▶ What the task asks: From the material below, set down exactly the lines that run from the one containing "Power By Naturals" to the one containing "Vintage Wicker Carrying", minus the pictures.

____________

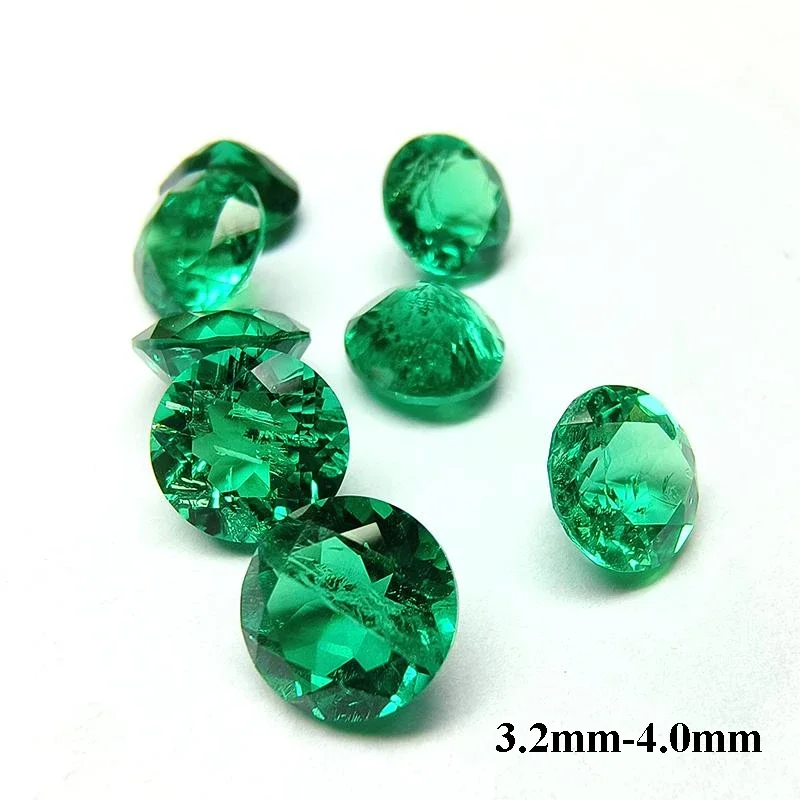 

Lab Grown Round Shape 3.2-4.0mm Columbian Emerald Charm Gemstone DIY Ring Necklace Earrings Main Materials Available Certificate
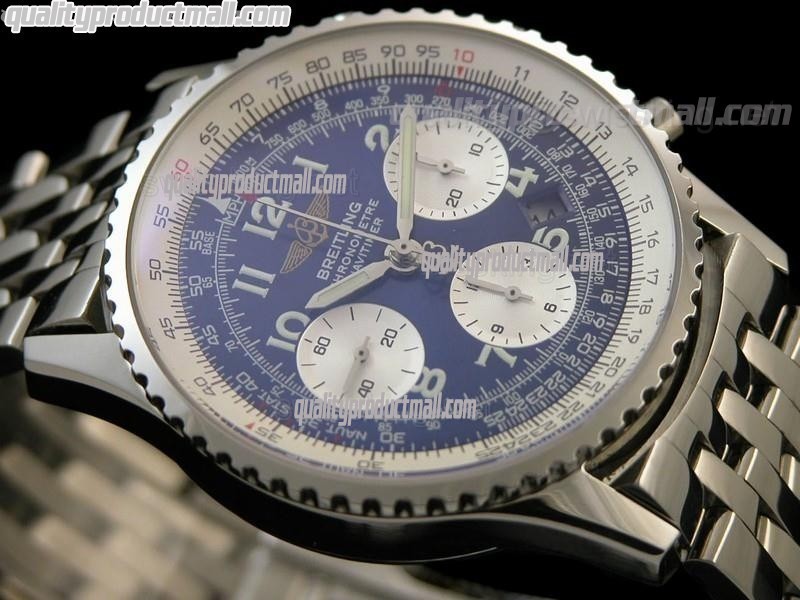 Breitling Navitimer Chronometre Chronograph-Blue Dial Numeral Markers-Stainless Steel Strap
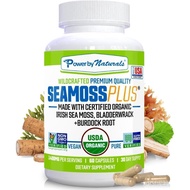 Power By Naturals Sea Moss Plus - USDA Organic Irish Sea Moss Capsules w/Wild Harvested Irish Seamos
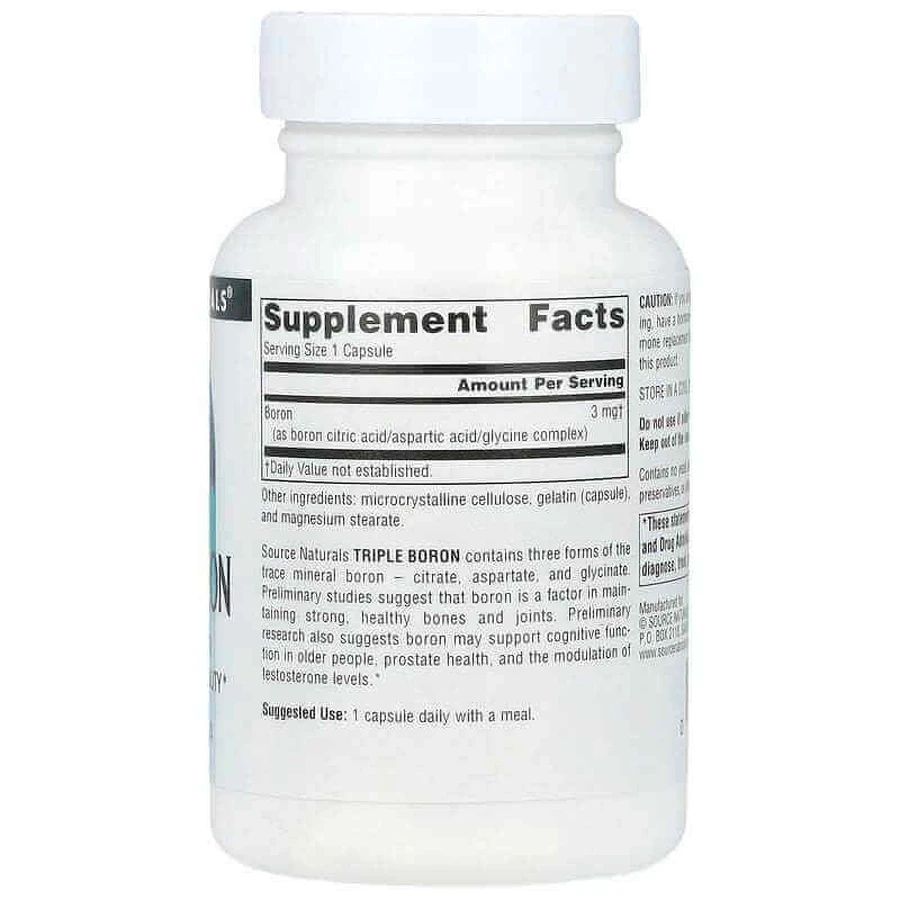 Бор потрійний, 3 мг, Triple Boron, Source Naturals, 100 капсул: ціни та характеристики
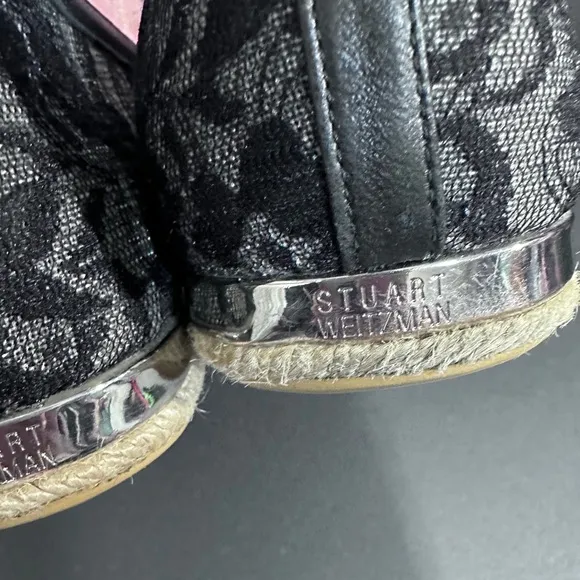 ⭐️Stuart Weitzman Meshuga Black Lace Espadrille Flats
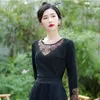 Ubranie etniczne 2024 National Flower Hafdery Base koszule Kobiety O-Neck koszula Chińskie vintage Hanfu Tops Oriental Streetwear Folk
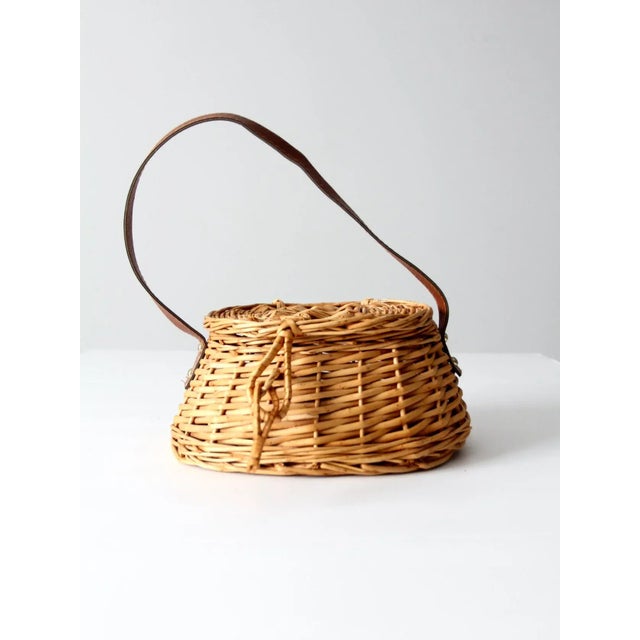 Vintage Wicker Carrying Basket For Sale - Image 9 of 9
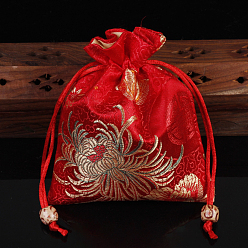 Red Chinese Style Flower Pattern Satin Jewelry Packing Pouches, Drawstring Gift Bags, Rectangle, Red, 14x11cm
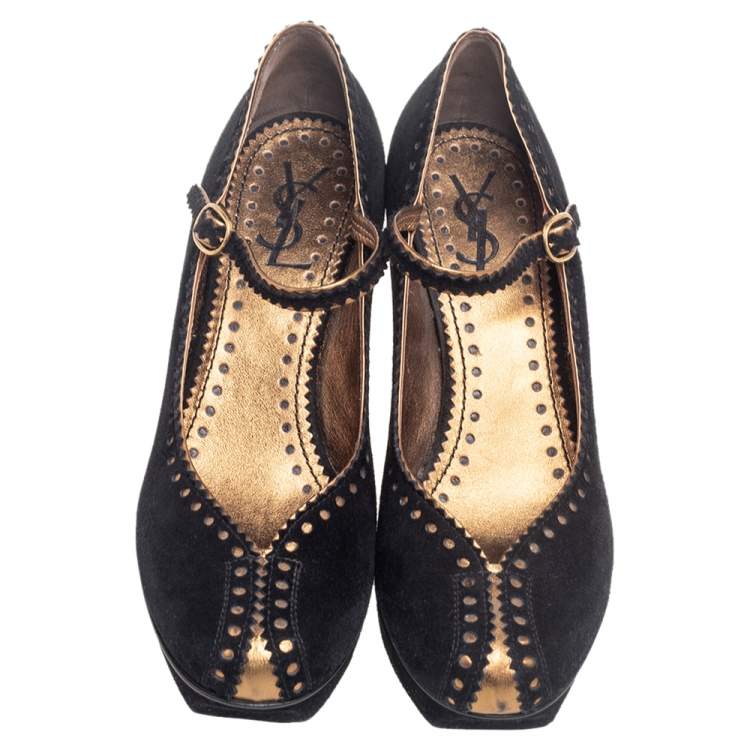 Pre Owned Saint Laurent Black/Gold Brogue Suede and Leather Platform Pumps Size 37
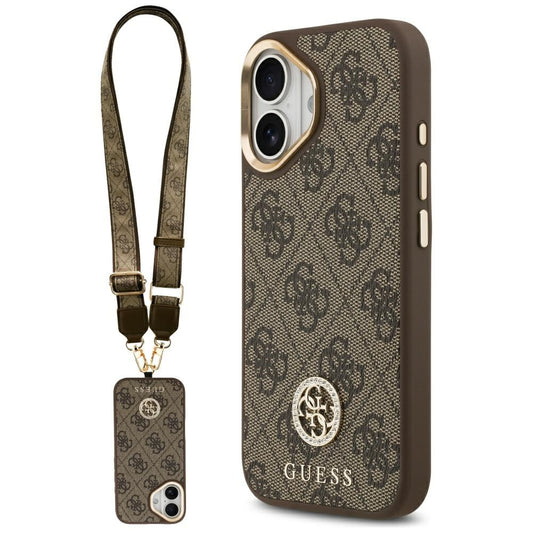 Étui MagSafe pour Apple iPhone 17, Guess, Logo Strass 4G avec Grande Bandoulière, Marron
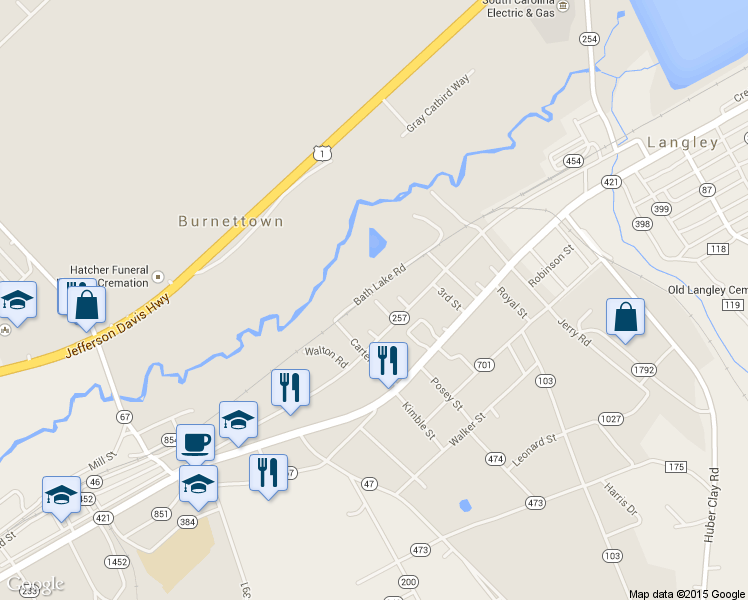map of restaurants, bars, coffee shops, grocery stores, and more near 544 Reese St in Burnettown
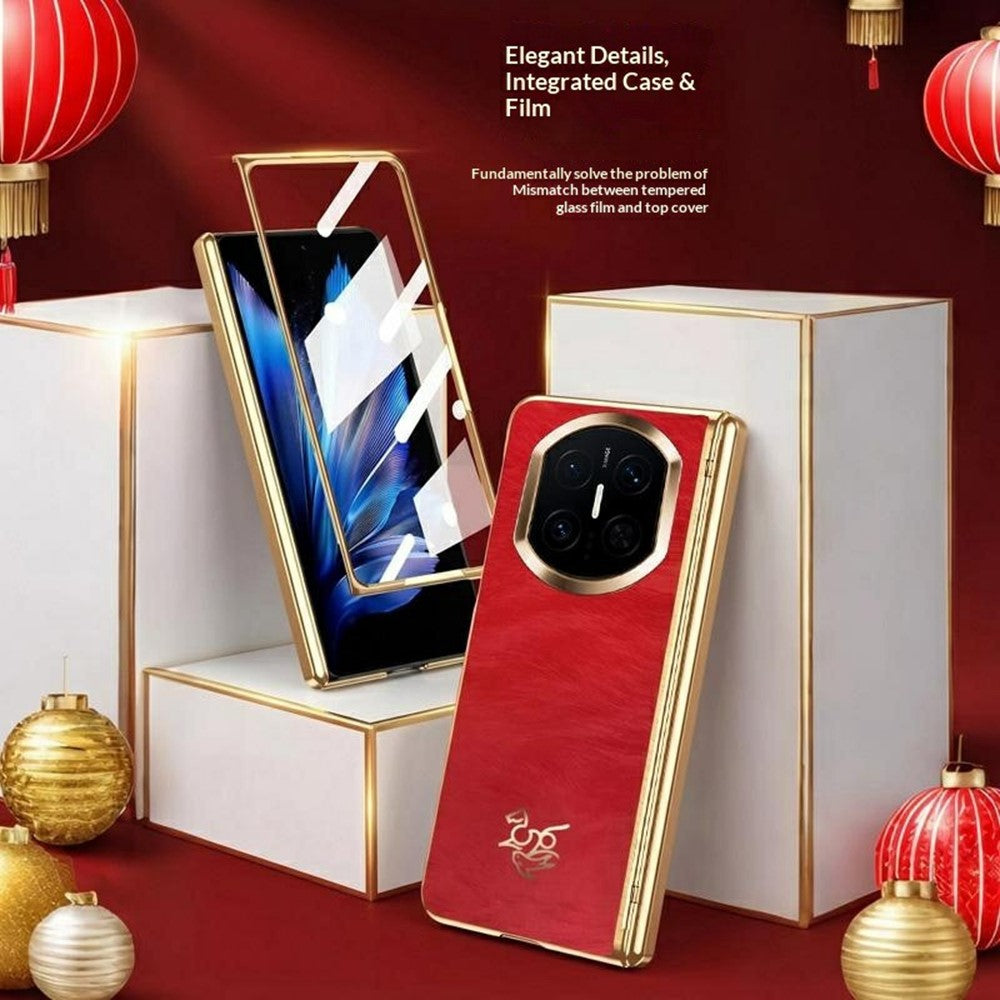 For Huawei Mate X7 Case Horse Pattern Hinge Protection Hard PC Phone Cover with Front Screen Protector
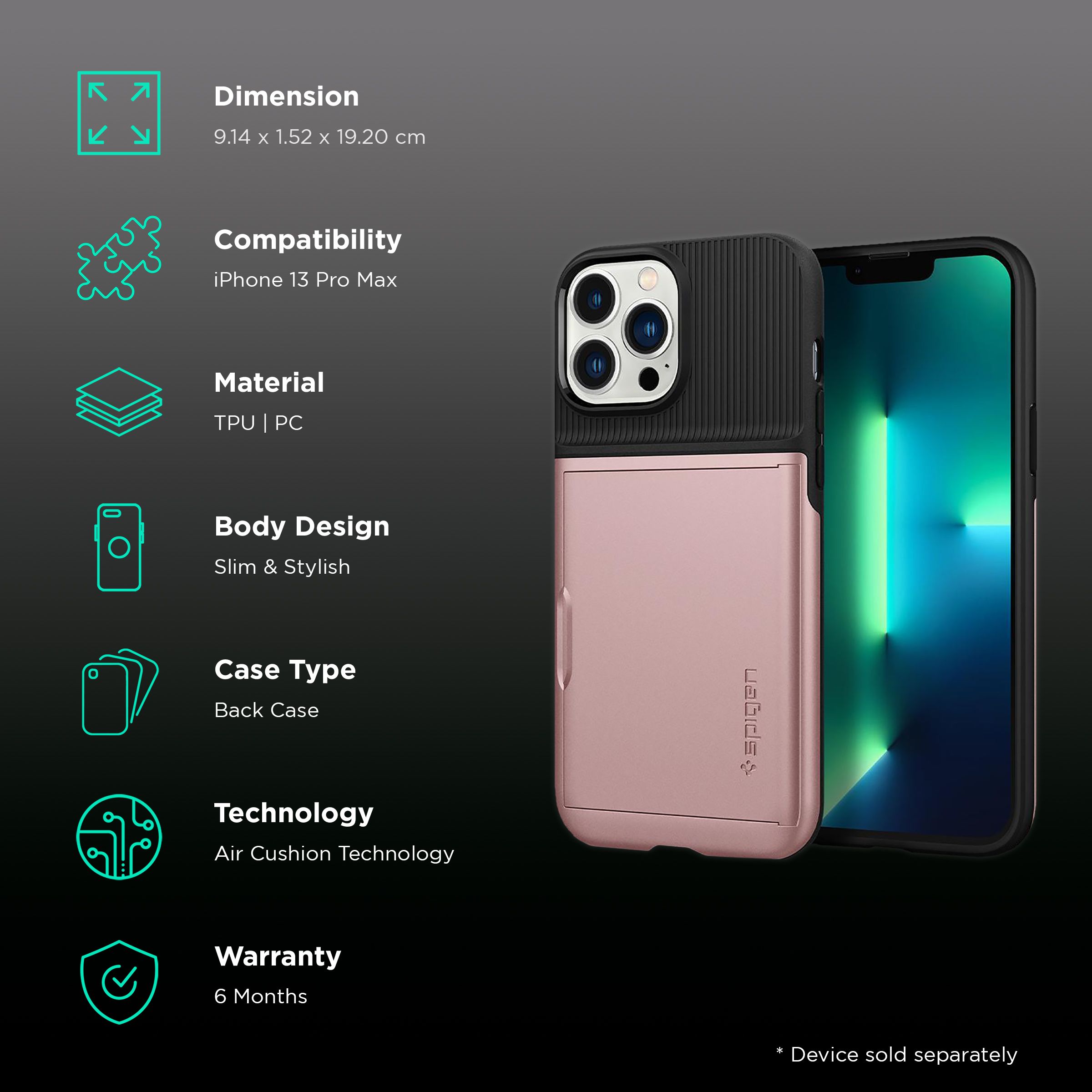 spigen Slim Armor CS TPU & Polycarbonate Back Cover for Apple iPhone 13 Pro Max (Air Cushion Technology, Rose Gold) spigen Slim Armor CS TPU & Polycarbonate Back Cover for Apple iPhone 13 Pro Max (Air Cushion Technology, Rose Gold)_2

____________

▶ Answer box:
 Power By Naturals Sea Moss Plus - USDA Organic Irish Sea Moss Capsules w/Wild Harvested Irish Seamos
 Бор потрійний, 3 мг, Triple Boron, Source Naturals, 100 капсул: ціни та характеристики
 ⭐️Stuart Weitzman Meshuga Black Lace Espadrille Flats
 Ubranie etniczne 2024 National Flower Hafdery Base koszule Kobiety O-Neck koszula Chińskie vintage Hanfu Tops Oriental Streetwear Folk
 Vintage Wicker Carrying Basket For Sale - Image 9 of 9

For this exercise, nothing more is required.